*** Opening of EXTRACTED ENTRIES ***

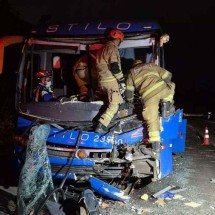 Acidente entre carro, caminhão e ônibus deixa um ferido em Betim - Divulgação/CBMMG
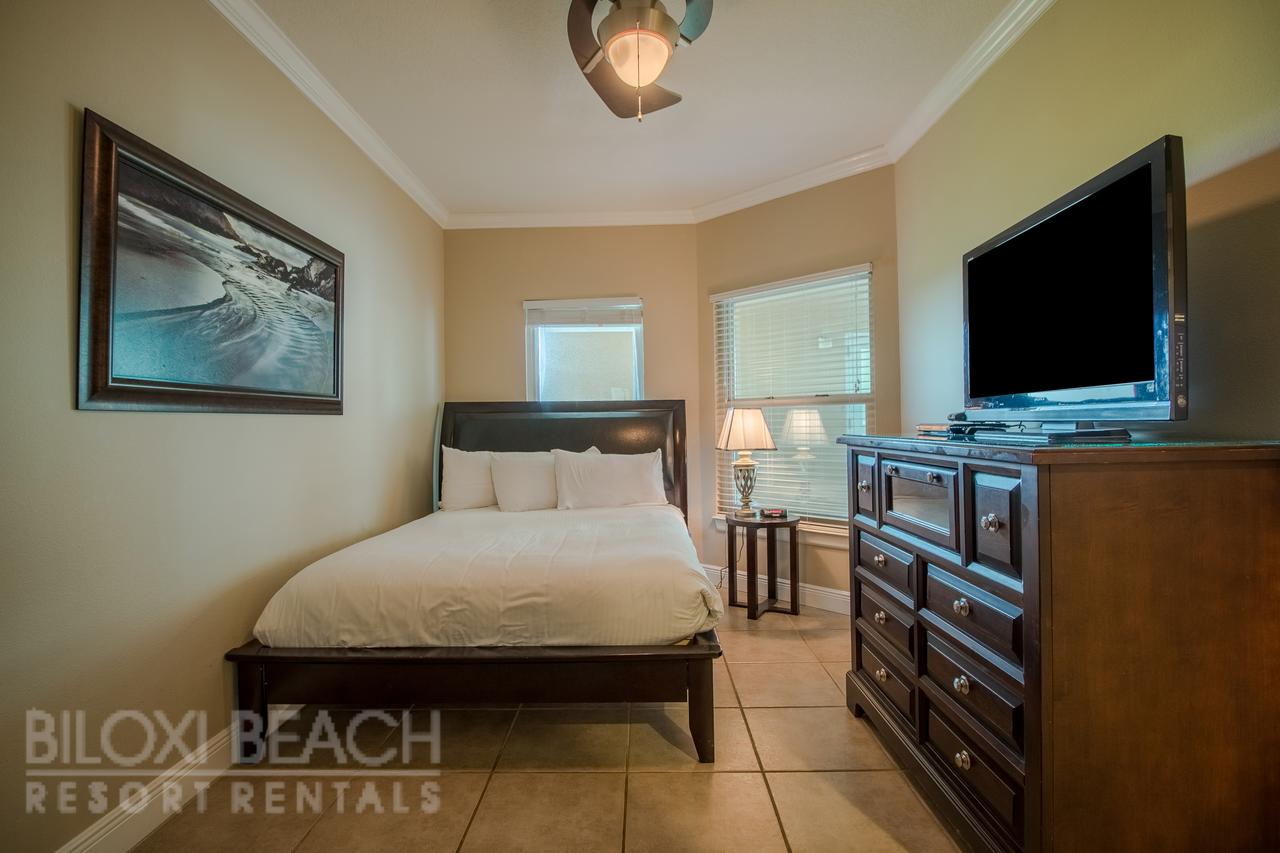 Legacy II 1005 - Four Bedroom Apartment - thumb 12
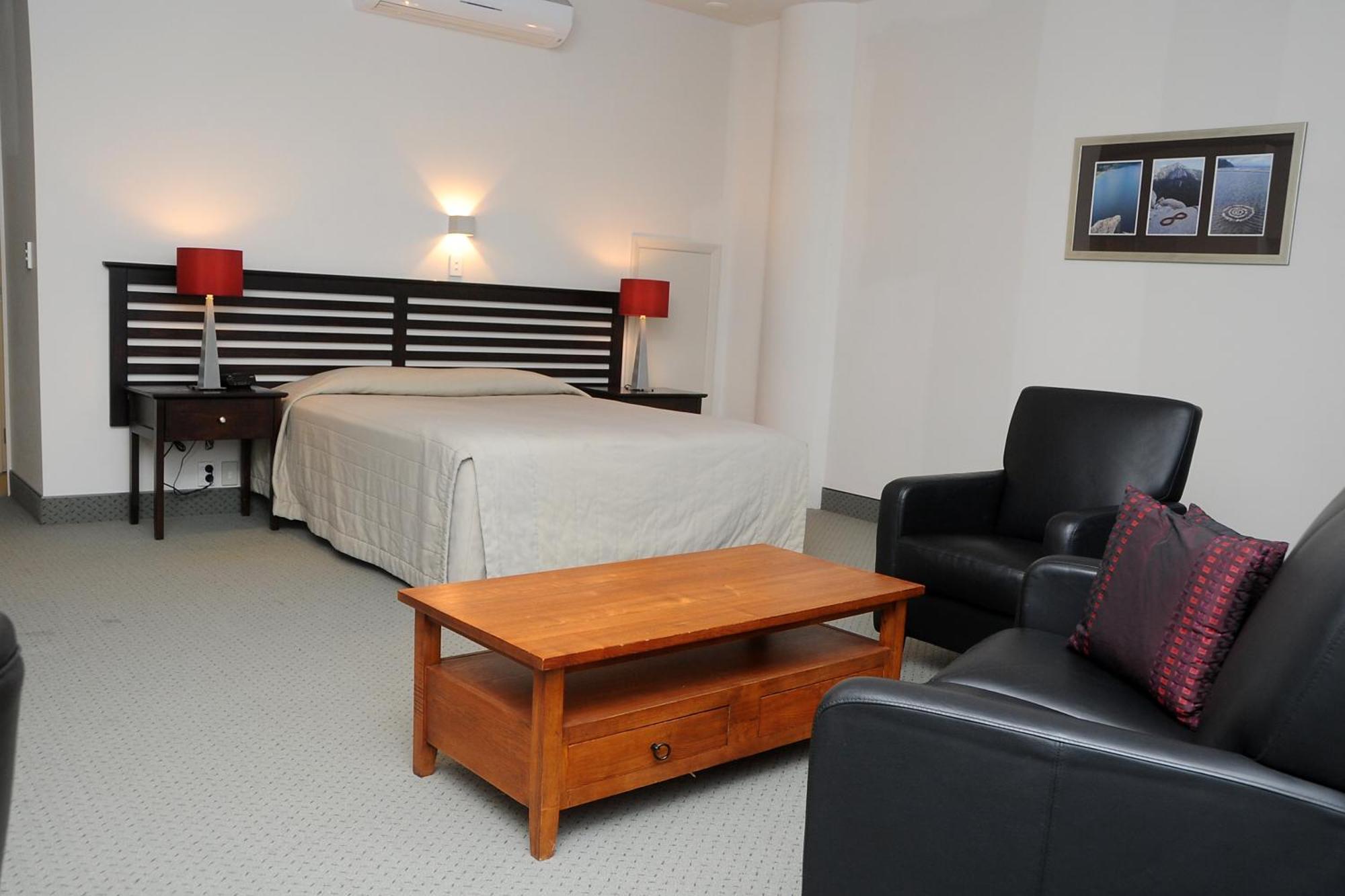 Standard Suite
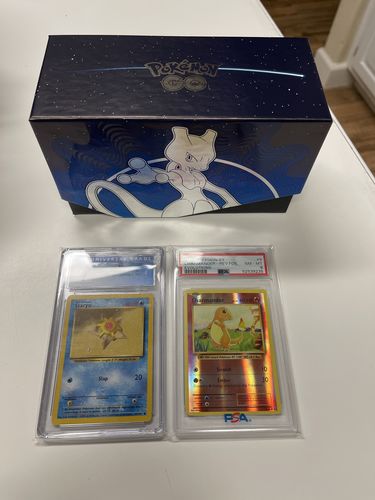 Customer photo review of Clutch Pokémon Mystery Box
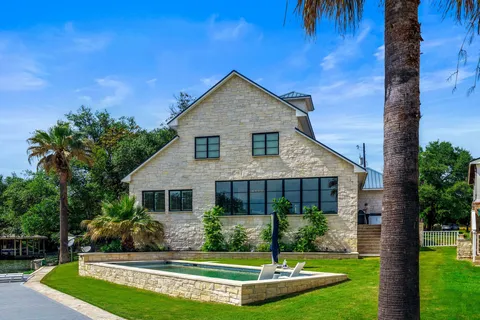 $1,950,000 | 1110 County Road 132A, Kingsland, TX 78639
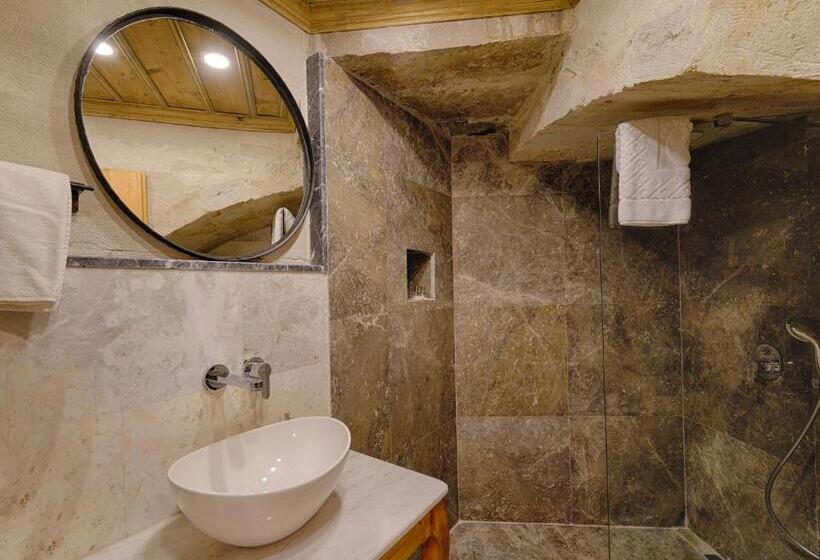 Suite with Terrace, Concept Cave Suites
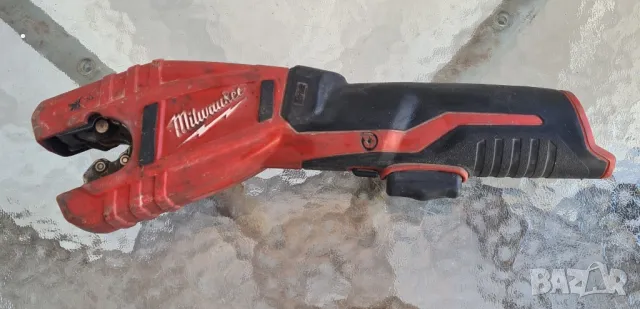 Акломаторна резачка за тръби Milwaukee C12 PC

*** Close of EXTRACTED ENTRIES ***

**YOUR ASSIGNMENT:**
The line containing "Standard Suite" and every line after it, through the end of the records, are what you should retype exactly. Do not include the pictures.

**OUTPUT OF THE TASK:**
 Standard Suite
 Customer photo review of Clutch Pokémon Mystery Box
 $1,950,000 | 1110 County Road 132A, Kingsland, TX 78639
 Suite with Terrace, Concept Cave Suites
 Акломаторна резачка за тръби Milwaukee C12 PC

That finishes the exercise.